The Art Student And His Landlady

Approaching the Jack the Ripper murders with tunnel vision – what I mean by that is just focussing on the Whitechapel atrocities – can mean that one misses so much of the everyday life that was going on at the time.

For those who bother to delve a little further, a rich tapestry of human interaction awaits discovery.

Take, for example, the following story that appeared in The Dundee Courier on Monday the 17th of September 1888.

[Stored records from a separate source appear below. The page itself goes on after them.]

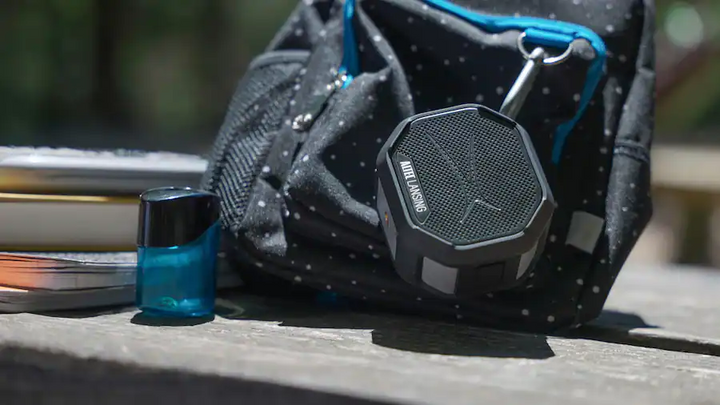 Altec Lansing - Bluetooth HydraTrek 2.0 EverythingProof Portable Speaker - Periwinkle/White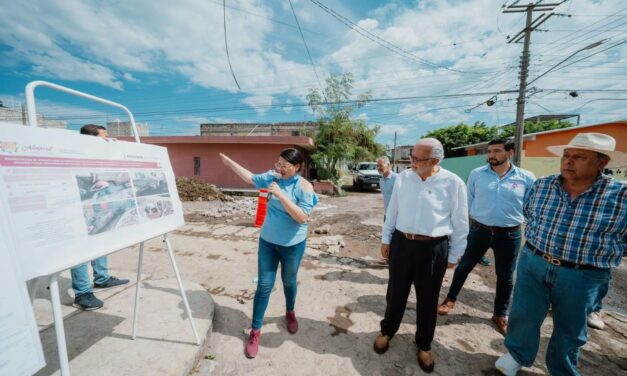 El gobernador del estado, Miguel Ángel Navarro Quintero, visitó la colonia Comerciantes en el municipio de Tepic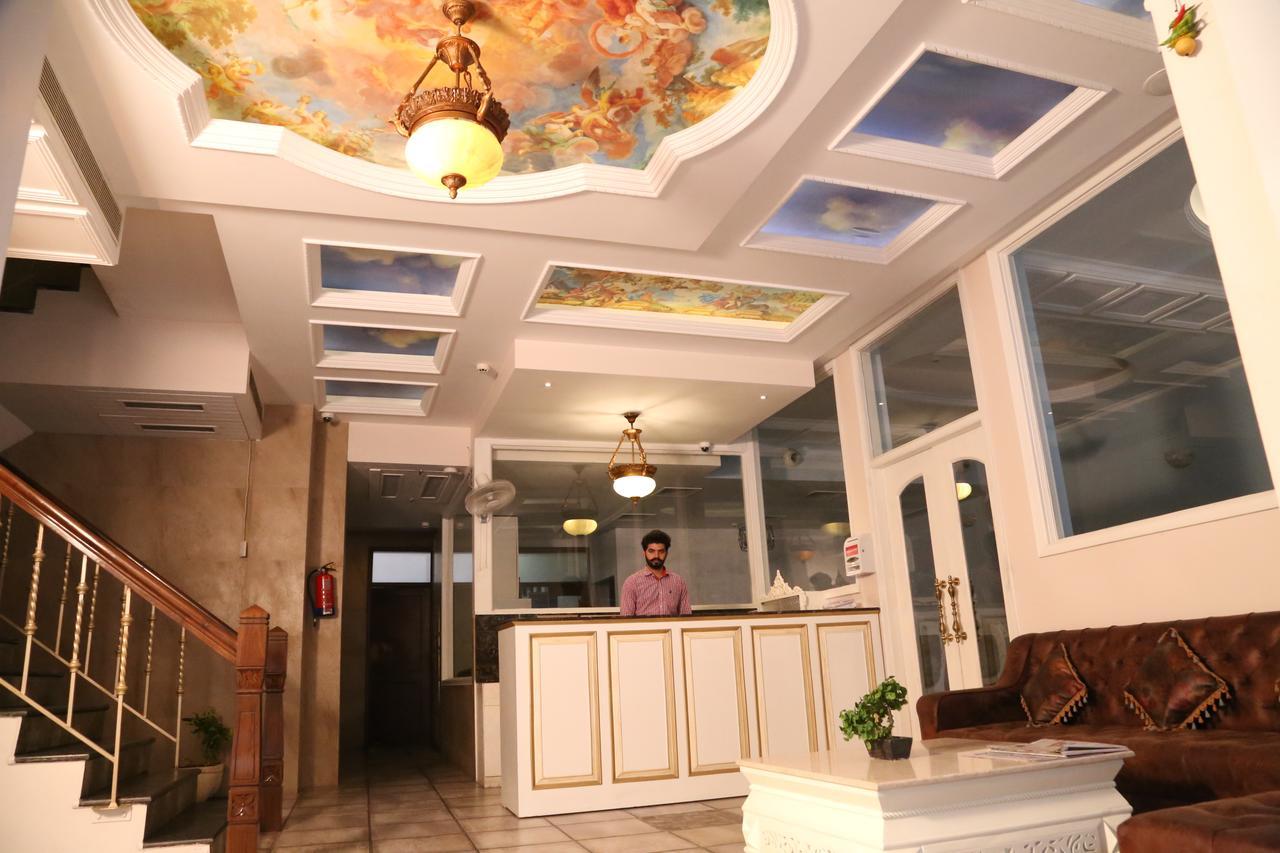 Hotel Posh Chandīgarh Zewnętrze zdjęcie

It has nothing to do with Jack the Ripper; and yet, it does provide us with a little glimpse of everyday life in Victorian London:-


A gentleman who stated that he came from New York to pursue art study the National Gallery, attended before Mr Biron at the Westminster Police Court on Saturday for advice, making the prefactory announcement that had had a terrible fuss with his landlady on Friday night.

Mr Biron:- “Had what ?”

The Applicant:- “A terrible shindy.” (Laughter.)


Since I gave her notice to leave the premises, in Sloan Street, this woman has been annoying me in every way she possibly can.

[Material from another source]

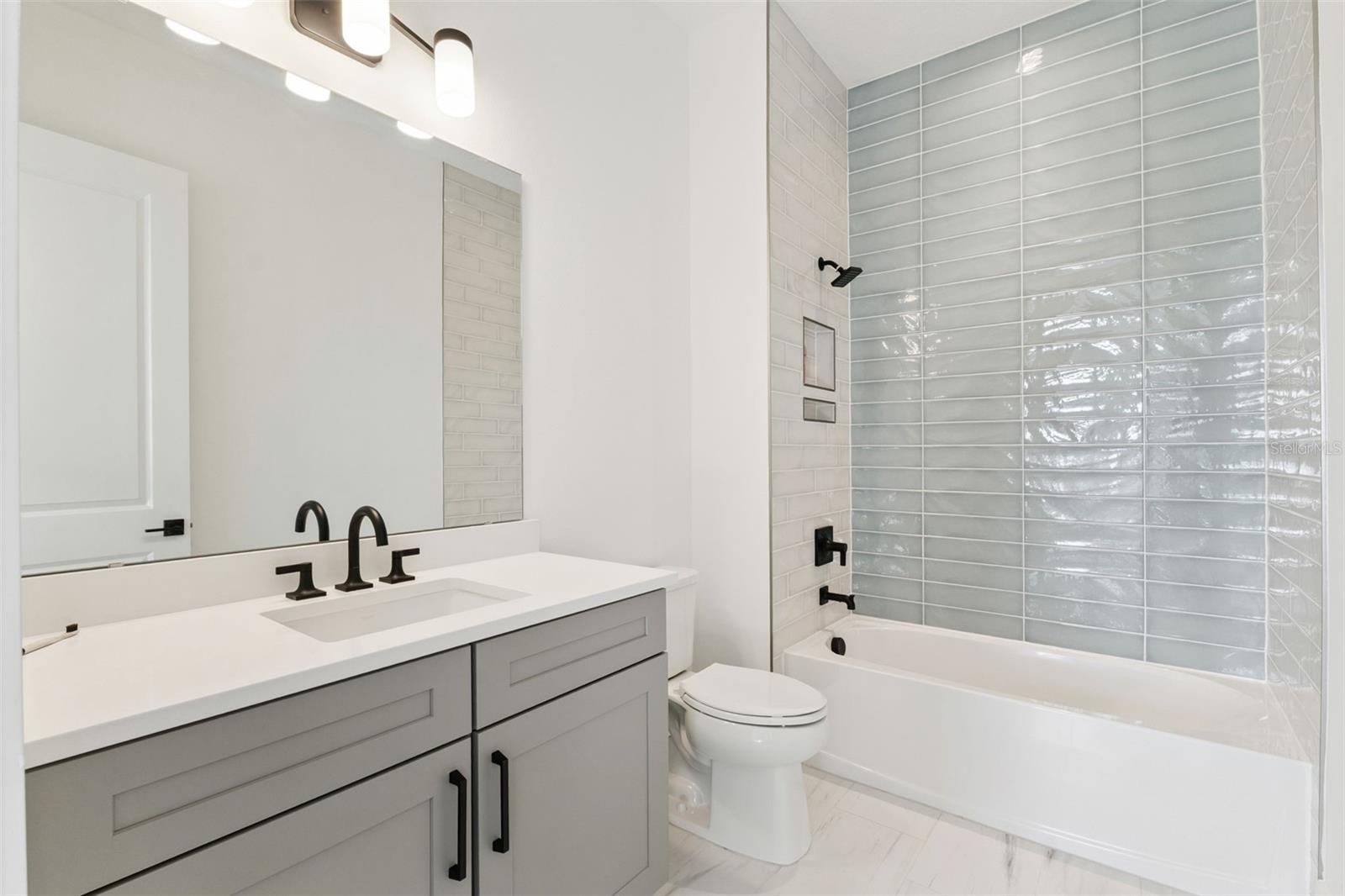 O6369717 Property Photo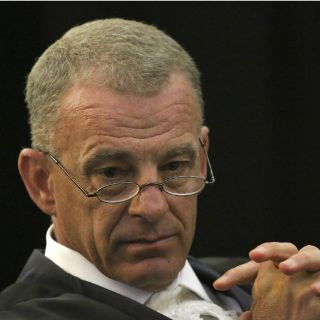 Fiscalía pide condenar a Pistorius por asesinato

She ran against me in the hall, and when I, with some misgiving, asked her if my wife and were going to have our dinner, the servant having obtained the meat about hour and a half before, she worked herself in such a fearful temper that she almost spat in my face in the vehemence of her language.

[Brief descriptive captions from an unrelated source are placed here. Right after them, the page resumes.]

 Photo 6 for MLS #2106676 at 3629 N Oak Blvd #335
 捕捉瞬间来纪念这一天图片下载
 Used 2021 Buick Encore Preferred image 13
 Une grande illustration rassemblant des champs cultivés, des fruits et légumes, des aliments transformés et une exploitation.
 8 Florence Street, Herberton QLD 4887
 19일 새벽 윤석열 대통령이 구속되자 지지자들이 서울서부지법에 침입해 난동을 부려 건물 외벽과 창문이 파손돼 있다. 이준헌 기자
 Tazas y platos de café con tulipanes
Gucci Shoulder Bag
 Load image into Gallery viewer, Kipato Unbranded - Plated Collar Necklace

She told me to talk to her servant, and stigmatised me as a low American.


Mr Biron:- “Why don’t you leave such a landlady and her apartments?”

The Applicant:- “I went there with some furniture, and was foolish enough to tell her that she might have it and “take it out of the rent.” Instead of that she is taking it out of me – (laughter) – and I could not take it away. I should be positively frightened to try.” (Renewed laughter.)

Mr. Biron:- “It seems that you have made a very ridiculous bargain. You find yourself in an exceedingly embarrassing position.”


The Applicant:- “I do indeed. You can have no conception of such a landlady. She threw a pair of scissors at me, lustily screamed murder, and then caught hold of the lapels of my coat to prevent my escape. Really a most absurd situation.” (Laughter.) For the first time in my life I felt positively frightened.”

Mr Biron:- “Well, you have brought all this unpleasantness on yourself.”

The Applicant:- “Yes, but inadvertently.”


Mr Biron:- “I will send Dengate, one of the warrant officers, to caution this woman while you are there.”

The applicant thanked his Worship, and expressed a hope that the caution would have salutary result.